Re: [Qemu-devel] TCG x86-64 'bt' insn

2014-04-20 Thread Clemens Kolbitsch
Hi Peter,

sure, that's fine too :). I just meant "great that it will be picked up in
a future version" :)

Thanks!
-Clemens


On Sat, Apr 19, 2014 at 3:50 PM, Peter Maydell wrote:

> On 19 April 2014 23:41, Clemens Kolbitsch  wrote:
> > Thanks guys, awesome feedback and glad to see it was picked up in QEMU
> 2.0
> > :)
>
> This didn't go into 2.0 -- it arrived somewhat late for that. It'll get
> into 2.1
> (and perhaps 2.0.1, if anybody cares enough to cc stable on it).
>
> thanks
> -- PMM
>


Re: [Qemu-devel] TCG x86-64 'bt' insn

2014-04-19 Thread Peter Maydell
On 19 April 2014 23:41, Clemens Kolbitsch  wrote:
> Thanks guys, awesome feedback and glad to see it was picked up in QEMU 2.0
> :)

This didn't go into 2.0 -- it arrived somewhat late for that. It'll get into 2.1
(and perhaps 2.0.1, if anybody cares enough to cc stable on it).

thanks
-- PMM



Re: [Qemu-devel] TCG x86-64 'bt' insn

2014-04-19 Thread Clemens Kolbitsch
Thanks guys, awesome feedback and glad to see it was picked up in QEMU 2.0
:)


On Sat, Apr 19, 2014 at 3:21 PM, Peter Maydell wrote:

> On 19 April 2014 23:04, Paolo Bonzini  wrote:
> > The new code should apply to btc/btr/bts too.
>
> ...see also RTH's patch:
>
> https://lists.gnu.org/archive/html/qemu-devel/2014-04/msg01455.html
>
> thanks
> -- PMM
>



-- 
Clemens Kolbitsch
Security Researcher
kolbit...@lastline.com
Mobile +1 (206) 356-7745
Land +1 (805) 456-7076

Lastline, Inc.
6950 Hollister Avenue, Suite 101
Goleta, CA 93117

www.lastline.com


Re: [Qemu-devel] TCG x86-64 'bt' insn

2014-04-19 Thread Peter Maydell
On 19 April 2014 23:04, Paolo Bonzini  wrote:
> The new code should apply to btc/btr/bts too.

...see also RTH's patch:

https://lists.gnu.org/archive/html/qemu-devel/2014-04/msg01455.html

thanks
-- PMM



Re: [Qemu-devel] TCG x86-64 'bt' insn

2014-04-19 Thread Paolo Bonzini

Il 09/04/2014 13:55, Clemens Kolbitsch ha scritto:

Hi,

quick follow-up. *As always* you find a problem right after asking for
help :). The updated patch does not cause BSOD on Windows guests, but
neither does it fix the actual problem (of the program seg-faulting)

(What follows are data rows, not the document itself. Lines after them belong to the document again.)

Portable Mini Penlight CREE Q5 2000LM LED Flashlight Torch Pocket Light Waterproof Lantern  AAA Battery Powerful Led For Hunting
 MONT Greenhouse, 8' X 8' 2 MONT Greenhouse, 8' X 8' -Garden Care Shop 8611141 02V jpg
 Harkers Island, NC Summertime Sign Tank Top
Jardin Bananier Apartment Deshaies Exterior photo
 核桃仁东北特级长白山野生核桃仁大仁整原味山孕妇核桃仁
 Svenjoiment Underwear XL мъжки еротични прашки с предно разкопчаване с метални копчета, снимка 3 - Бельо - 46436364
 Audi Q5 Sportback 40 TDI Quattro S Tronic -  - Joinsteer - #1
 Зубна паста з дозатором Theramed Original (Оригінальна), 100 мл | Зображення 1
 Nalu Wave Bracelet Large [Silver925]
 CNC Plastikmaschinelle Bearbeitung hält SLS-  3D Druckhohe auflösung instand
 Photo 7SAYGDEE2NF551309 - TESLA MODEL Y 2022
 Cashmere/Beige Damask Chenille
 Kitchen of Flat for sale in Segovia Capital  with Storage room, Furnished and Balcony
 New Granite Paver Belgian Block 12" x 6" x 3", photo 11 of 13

I would really appreciate any feedback on the proposed patch below - the
difference to the previous patch is that we clear out undefined flags
and only keep the Z-flag (and update the C-flag)


The new code should apply to btc/btr/bts too.  Basically the "switch" 
statement keeps just the shr, and everything else moves below.


Or even simpler, you could exploit the undefinedness of non-CF, non-ZF 
flags and keep using CC_OP_SARB.  Because CC_OP_SARB uses "cc_dst == 0" 
to compute ZF, if ZF=1 you want to set it to 0, and if ZF=0 you want to 
set it to non-zero.  So just compute !ZF into CC_DST, and place the 
tested bit (CF) into CC_SRC.  Basically:


gen_setcc1(s, (JCC_Z << 1) | 1, cpu_cc_dst);
switch(op) {
...
}
tcg_gen_andi_tl(cpu_cc_src, cpu_tmp4, CC_C);
set_cc_op(s, CC_OP_SARB + ot);


Last another general question: Does TCG make any assumptions that
undefined flags are set to 0? I see that most flag-computations set
undefined flags to 0 - is this just a convention or really a requirement?


Just a convention.

Paolo


Thanks guys!
-Clemens




On Wed, Apr 9, 2014 at 10:33 AM, Clemens Kolbitsch
mailto:kolbit...@lastline.com>> wrote:

Hi guys,

I have to revive a rather old thread [1,2]. A quick summary of the
issue:

TCG emulates the BT (bit-test) instruction using a SAR to re-compute
eflags. While SAR affects all flags, BT only affects the C-flag and
leaves the Z-flag unaffected/unchanged [3].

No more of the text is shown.